Nettetals Finanzen Stadtverwaltung macht Kehrtwende bei Steuerplänen

Nettetal · Höhere Gewerbesteuer für Unternehmen, höhere Steuern für Grundstücks-Besitzer – dieser Vorschlag der Stadtverwaltung ist in der Politik auf Widerstand gestoßen. Nun gibt es einen neuen zur Ratssitzung in wenigen Tagen.

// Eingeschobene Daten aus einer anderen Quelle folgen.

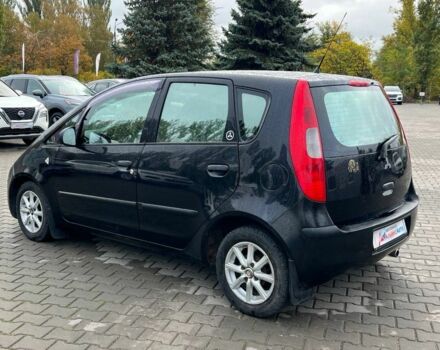 Міцубісі Кольт 2008 у Кривому Розі на Automoto.ua Чорний Міцубісі Кольт, об'ємом двигуна 1.3 л та пробігом 235 тис. км за 4400 $, фото 3 на Automoto.ua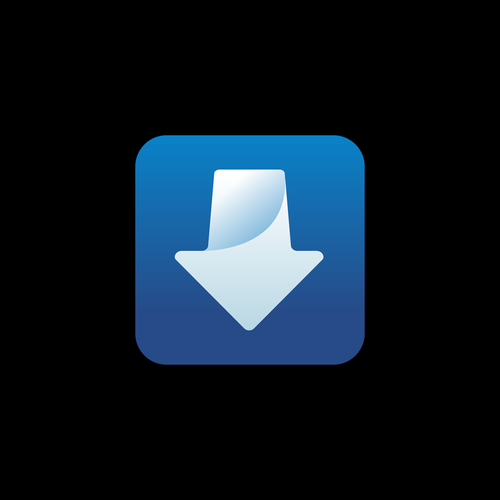 Update our old Android app icon デザイン by Darkzero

Nettetal muss sparen, die Frage ist allerdings an welcher Stelle.

Foto: dpa/Oliver Berg

Die Industrie- und Handelskammer (IHK) hatte schon Anfang des Monats gemahnt – und jetzt hat sie noch einmal getan, was sie regelmäßig macht, wenn Erhöhungen der Gewerbesteuer anstehen: warnen. Anlass im Fall Nettetal war der Vorschlag der Verwaltung gewesen, 2024 die Grundsteuern und die Gewerbesteuern anzuheben.

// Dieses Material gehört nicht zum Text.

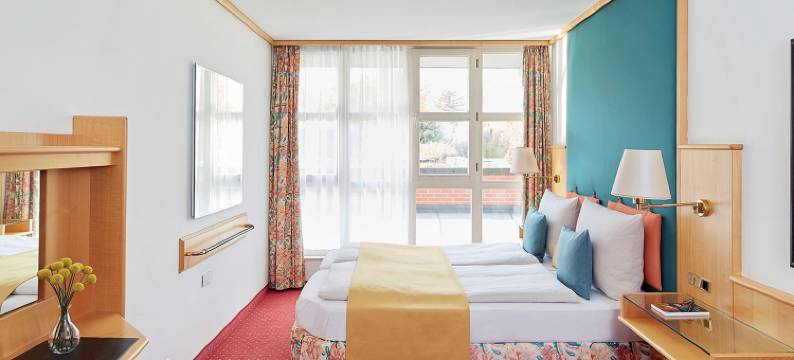 奥林匹克公园生活酒店(Living Hotel am Olympiapark)图片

Mit diesem Plan haben Bürgermeister Christian Küsters und Andreas Grafer angesichts des gemeinsamen Widerstands von CDU, FDP und Wählergemeinschaft „Wir in Nettetal“ im Finanzausschuss zwar Schiffbruch erlitten. Dennoch hat sich die IHK erneut gemeldet. „Wir freuen uns, dass eine Mehrheit aus CDU, FDP und WiN dem Antrag der Verwaltung nicht gefolgt ist. Denn unsere Unternehmen sind derzeit ohnehin schon sehr belastet“, erklärte Jürgen Steinmetz, Hauptgeschäftsführer der unter anderem für Nettetal zuständigen Industrie- und Handelskammer Mittlerer Niederrhein. Er hoffe, sagte Steinmetz, dass der Stadtrat am 19. Dezember dem Beispiel des Finanzausschusses folge.

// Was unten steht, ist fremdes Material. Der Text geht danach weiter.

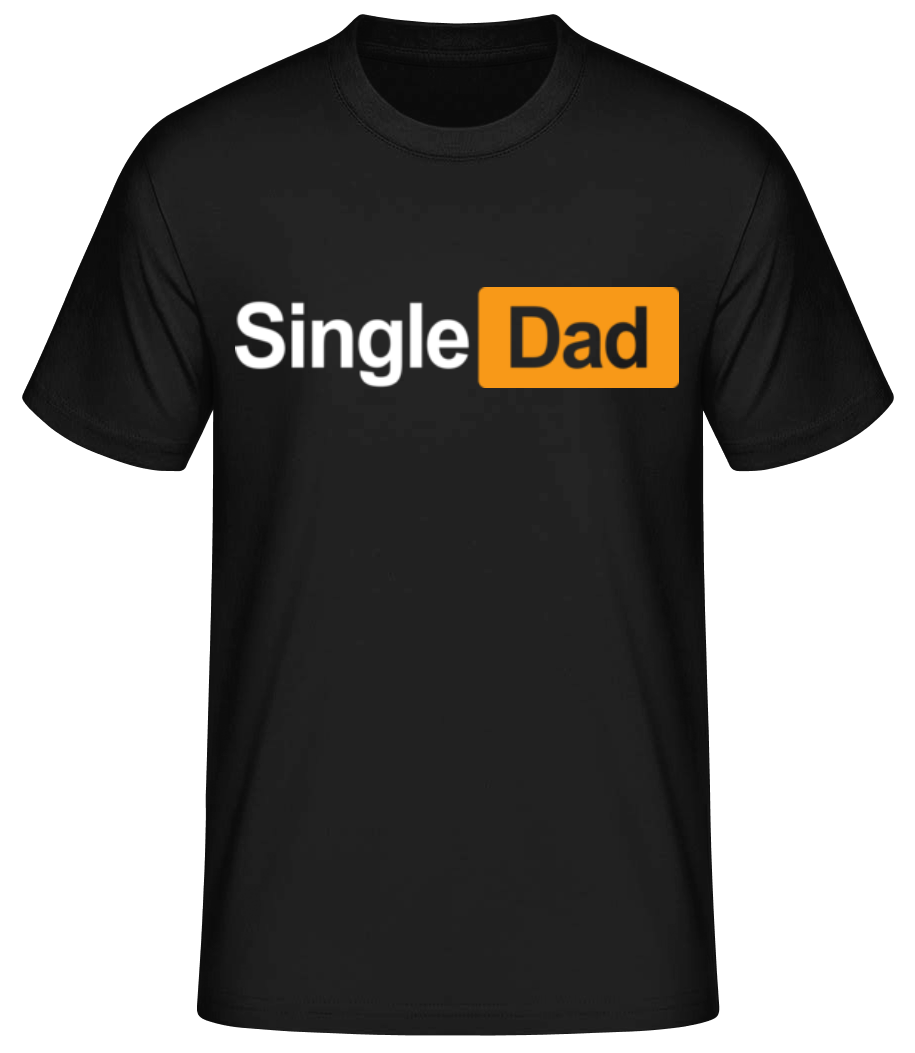 Single Dad · T-shirt standard Homme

Die Sorge, der Stadtrat, auf dessen Votum es nun ankommt, könne sich doch für höhere Steuern aussprechen, erscheint unnötig. Die Stadtverwaltung hat ihren ursprünglichen Vorschlag zurückgezogen. Ihr neuer, der dem Rat am 19. Dezember zur Entscheidung vorliegt, belässt es bei den Steuersätzen von 2023. Das Zauberwort heißt jetzt: sparen.

Auf sparsamere Bewirtschaftung der Stadtfinanzen hatten auch CDU, FDP und WIN im Finanzausschuss gedrängt. „Wir haben schon Mitte des Jahres in die Verwaltung kommuniziert, dass wir Ausgaben hinterfragen müssen. Das werden wir fortsetzen“, sagt Christian Küsters. Im Ausschuss hatte er den Ball aber auch in Richtung der auf Sparsamkeit drängenden Politiker zurückgespielt: „Dann erwarte ich aber auch aus der Politik Vorschläge, wo gespart werden soll.“ Können sich Bürgermeister und Kämmerer, nachdem sie vergeblich für höhere Steuern plädiert haben, nun also entspannt zurücklehnen und der Politik die Schuld in die Schuhe schieben, wenn die Haushaltslage in den kommenden Jahren nicht rosig ist? Küsters winkt ab. „Wir werden nicht einfach nur auf Vorschläge der Politik warten. Das ist nicht unser Anspruch, wir wollen ja auch einen guten Haushalt gestalten“, sagt der Bürgermeister. Die Idee, die Steuern anzuheben, hätte ja nicht das alleinige Mittel sein sollen, sondern nur ein Baustein einer Strategie.

Mit Augenmaß soll
in Zukunft gespart werden

Beim Sparen sind der Stadt Nettetal auch Grenzen gesetzt, die sie selbst nicht verrücken kann. Rund 90 Prozent aller Ausgaben, so Küsters und Grafer, seien Leistungen, zu denen die Stadt gesetzlich verpflichtet sei, unter anderem Sozialleistungen und Gehälter. Aus den restlichen zehn Prozent werden freiwillige Leistungen unter anderem für Sport, Wirtschaftsförderung und Kultur bezahlt. Ausgaben, die dazu beitragen, die Lebensqualität in Nettetal zu steigern. Küsters plädiert daher für ein „Sparen mit Augenmaß“. Was das bedeutet, solle im Einklang mit den Politikern erarbeitet werden. Die Frage sei: Was ist nötig, was ist leistbar, was ist verzichtbar? „Letztlich hat die Politik die Hand auf der Kasse. Wir sind eine Schicksalsgemeinschaft und gemeinsam dafür verantwortlich, dass es Nettetal dauerhaft gut geht“, sagt Küsters.

Der Bürgermeister geht auch davon aus, dass die Schicksalsgemeinschaft im Stadtrat einen Haushalt für 2024 beschließen wird. Würde ein solcher Beschluss verschoben, könne Nettetal bis zum abschließenden Votum nur Zahlungen leisten, die aus bereits bestehenden Verpflichtungen resultieren, sagt Kämmerer Grafer: „Wir könnten dann unter anderem keine neuen Aufträge ausschreiben.“ Will heißen: Beispielsweise Arbeiten zur Renovierung von öffentlichen Gebäuden könnten vorerst nicht vergeben werden und würden sich entsprechend verzögern.